Zwar bewerteten die Rechtsanwälte Öcalans das Urteil insgesamt
als positiv. Dennoch bemängelten sie es teilweise als ungenügend.
Denn in einem zentralen Beschwerdepunkt, den rechtswidrigen Umständen
der Entführung Abdullah Öcalans, hat der Gerichtshof nicht
der Beschwerde entsprochen. Dies war jedoch für die Beschwerdeführung
von herausragender Bedeutung. Denn erst die widerrechtliche Verschleppung
Öcalans durch den amerikanischen Geheimdienst CIA hatte die
Auslieferung des Kurdenführers an die Türkei ermöglicht,
was wiederum zu dem Schauprozess auf der türkischen Gefängnisinsel
Imrali führte, über dessen Verlauf die Straßburger
Richter zu urteilen hatten. So sind die damit verbundenen Umstände
und einhergegangenen Rechtsbrüche immer noch strittig. Nach
Meinung der Beschwerdeführung wurde bei der Urteilsfindung
der gesamtgesellschaftliche Rahmen nicht genügend berücksichtigt,
der dem beanstandeten Verfahren gegen Öcalan zu Grunde lag.

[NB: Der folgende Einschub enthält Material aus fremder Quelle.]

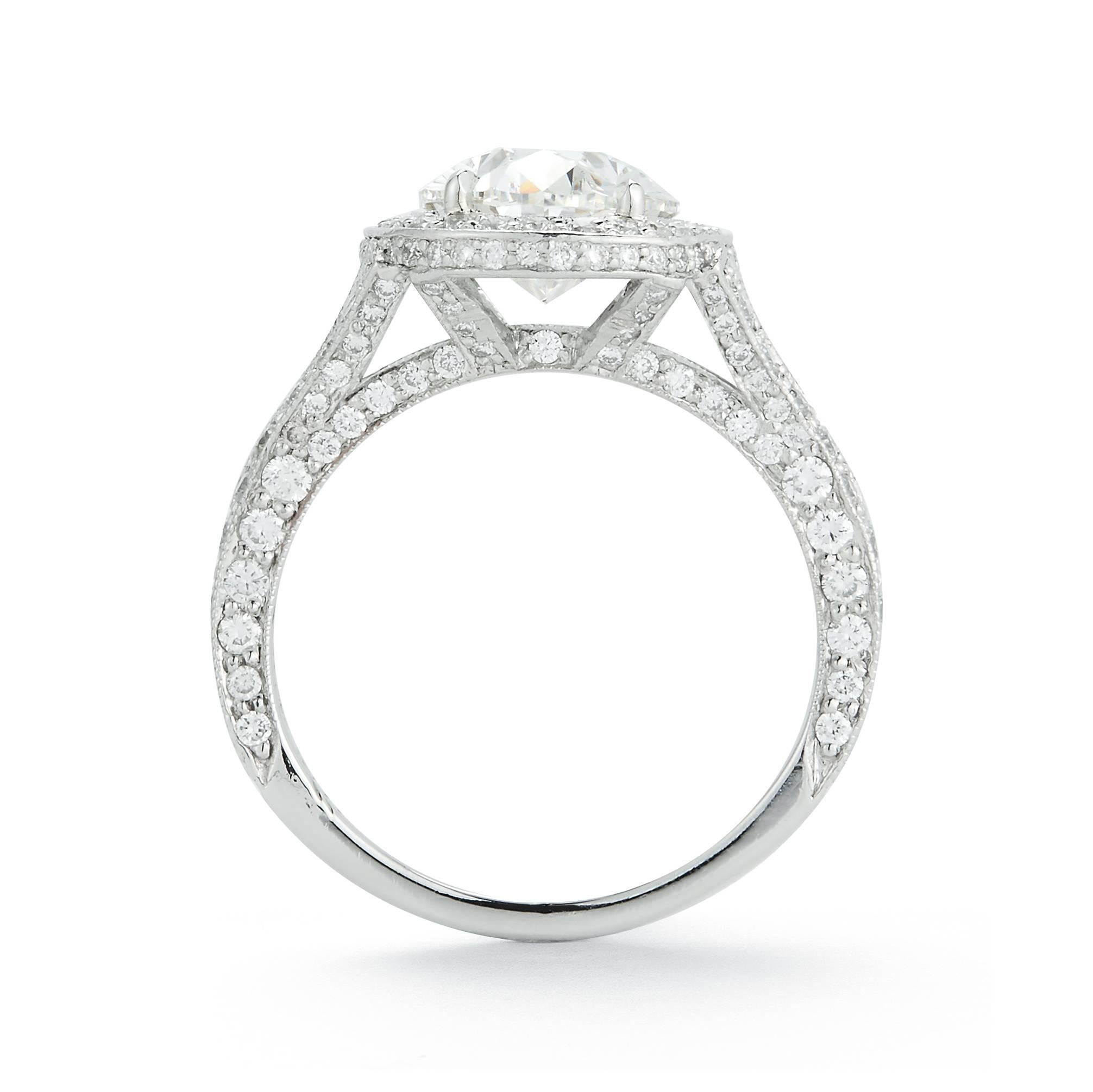 Set with an oval-cut diamond, weighing approximately 2.60 carats, within a round brilliant diamond halo and gallery to the diamond-set bifurcated shoulders, mounted in platinum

Zwar ist eine Beschwerde vor dem Europäischen Gerichtshof nur
als Individualbeschwerde zulässig, eine völlige Außerachtlassung
des gesellschaftlichen und politischen Kontextes ist aber zu mindest
juristisch fraglich. Zweifelsohne ist Abdullah Öcalan ein Individuum,
gleichzeitig aber ist er auch das Produkt eines Konfliktes, für
den er im Imraliverfahren einseitig persönlich verantwortlich
gemacht wurde.
Dieser ist jedoch immer noch nicht gelöst. Eine Lösung
scheint auch nicht in Sicht. Vielmehr steuert derzeit der türkisch-kurdische
Konflikt auf eine erneute Eskalation zu. Täglich berichten
die Medien von Gefechten zwischen der türkischen Armee und
der kurdischen Guerilla. Die Zahl der Getöteten und Verletzten
erhöht sich beständig. Trotz des erklärten Friedenswillens
der kurdischen Seite sie bot derweil eine erneute Waffenruhe
an, vorausgesetzt die türkische Armee ist zu Verhandlungen
bereit und erkläre Ihrerseits einen Waffenstillstand
setzen die türkische Regierung und Armee auf die militärische
Option. Ein erneuter Krieg scheint greifbar nahe.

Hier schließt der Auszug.